Vincent posò il bicchiere sul tavolino. «Quella che ti paghiamo noi», gli ricordò, come se Santi potesse mai dimenticare che doveva la sua vita di lusso ai soldi sporchi.

Suo fratello si alzò, si mise davanti a lui, le gambe divaricate, le mani in tasca. Se Santi avesse chiuso gli occhi, avrebbe avuto la sensazione di trovarsi davanti a suo padre, tanto le loro voci e le loro parole erano simili.
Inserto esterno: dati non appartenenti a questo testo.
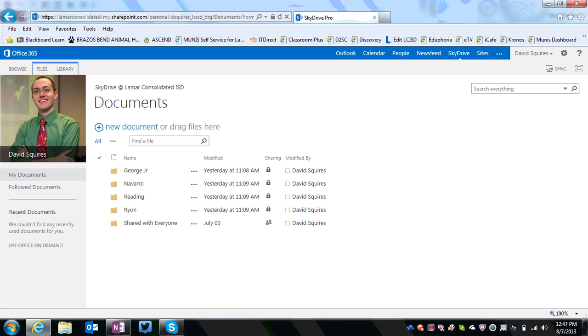Once you've logged into your 365 account, in the upper right hand corner you can see the tab called SkyDrive. Go ahead and click on that. It may take a few minutes to configure your settings if you have not visited this site yet.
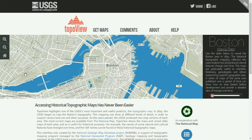Hey everybody, Thrift Store Hacker back again. Today I'm going to show you something interesting on the computer. We're going to take historical topographic maps of the Sacramento area and put them into Google Earth so we can overlay the current road structure over old property lines and stuff like that from earlier topographic maps.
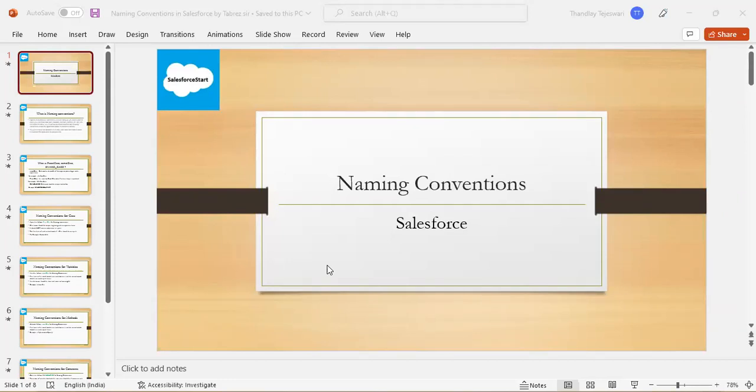Hello everyone. Good morning. Myself, Tehishwari. Today, my topic is naming conventions in Salesforce.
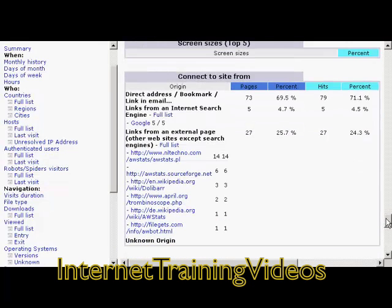And you can use all this information to tailor your website to meet the expectations of your visitors. It's a very useful piece of kit.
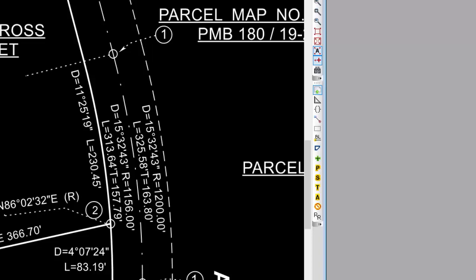It's really up to you. We generally say have the traverse drawing settings do as much of the work for you as you can, then come in and feel free to change the properties of individual labels for maybe the one that doesn't fit on there. I think between the stacked and aligned, the ability to do the multi-line curve labels, you're going to find that you can pretty much label anything you want as far as line work inside Traverse PC.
Vincent era sempre stato il rampollo prediletto e non solo perché era il maggiore, ma perché senza fiatare, anzi con entusiasmo, aveva accolto il suo stile di vita e vi aveva preso parte attivamente. «Se anche io fossi stato come te, nostro padre avrebbe dovuto mettere gli affari di famiglia in mano a un estraneo», gli aveva detto una volta, poi aveva aggiunto: «un civile», scandendo bene ogni lettera, come se l'esserlo fosse un'offesa, un marchio di cui vergognarsi. Qualche volta Santi si domandava se davvero anche lui fosse figlio di Carmelo, ma l'onestà di sua madre non gli permetteva di considerare questa che una piccola fantasia.
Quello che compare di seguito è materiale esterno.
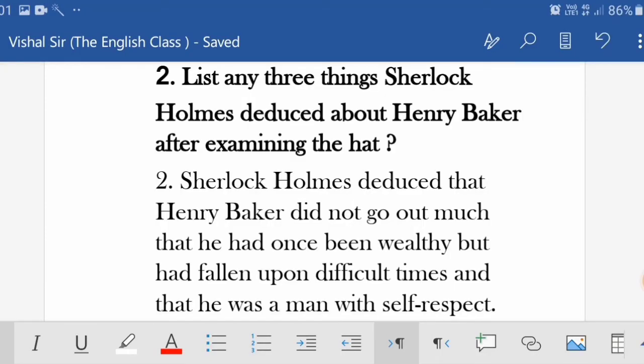Second question: 'List any three things Sherlock Holmes deduced about Henry Baker after examining the hat.' Sherlock Holmes deduced that Henry Baker did not go out much, that he had once been wealthy but had fallen upon difficult times, and that he was a man with self-respect. So Holmes concluded he had once been rich but had now become poor, facing difficult times, yet was someone who valued his self-respect.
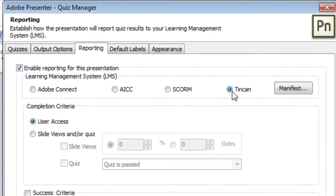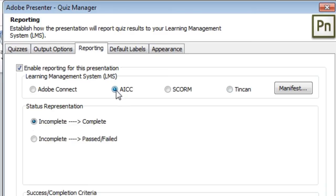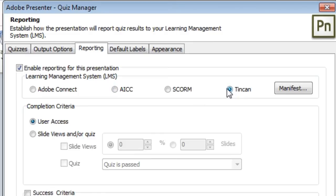Simply click the TinCan button and voila, you're ready to report to TinCan. It's really just that simple. You'll also notice, if you've reported to AICC in the past, the settings are virtually identical between AICC and TinCan, so the settings are quite easy to do.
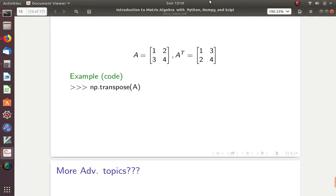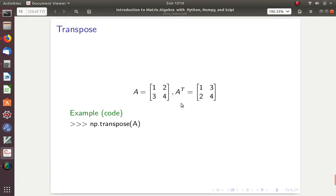We also need to talk about the transpose of matrices. This is super easy, but it is something to keep in mind. In matrix algebra, the transpose of a matrix is simply switching the rows into columns and the columns into rows. So if I have 1, 2, 3, 4, the transpose gives back different row/column arrangements. This comes up a lot in matrix algebra. NumPy has got you covered — you just say numpy.transpose(A) and it's as simple as that.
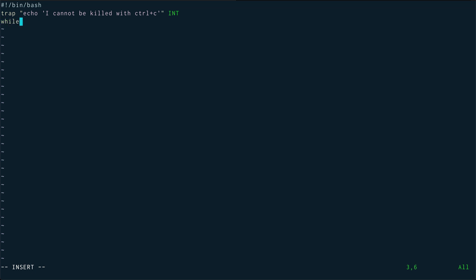And then what I'm going to do is actually run an infinite loop. I'll just do a simple echo "You tried to kill me", and then I'm going to sleep for 30 seconds. And that would be it.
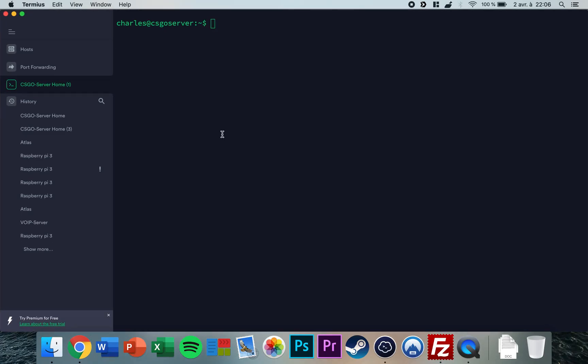Okay, so in this tutorial I'm going to show you how to set up a Fast DL for your source server. In this case it will be a CS:GO server, but it will work for any source server.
«Si può sapere che succede?» Posò lo zaino sul divano, facendo bene attenzione a non far scivolare fuori i libri. Non avrebbe sopportato altri commenti sprezzanti su quanto inutili fossero la poesia o la letteratura.

«Nostro padre ti aspetta nel suo studio, ti spiegherà lui».

Santi avrebbe voluto ribellarsi, ma non ne ebbe la forza. Non aveva il temperamento di Vincent, e la sua unica ribellione era affogare la vita che il destino gli aveva riservato nell'alcol e nella droga.

Voltò le spalle a suo fratello. Odiava entrare nello studio di suo padre. Ogni volta che ci metteva piede gli sembrava di sentire l'odore del sangue che doveva essere versato, solo perché lui e le altre famiglie avevano così deciso. Aveva cercato durante i ventuno anni della sua vita di non prestare ascolto, di non fare attenzione, ma anche lui sapeva che in quella stanza venivano prese le decisioni più importanti, più controverse e, soprattutto, quelle che avrebbero causato più sofferenza.

Sollevò il pugno, e bussò sul legno.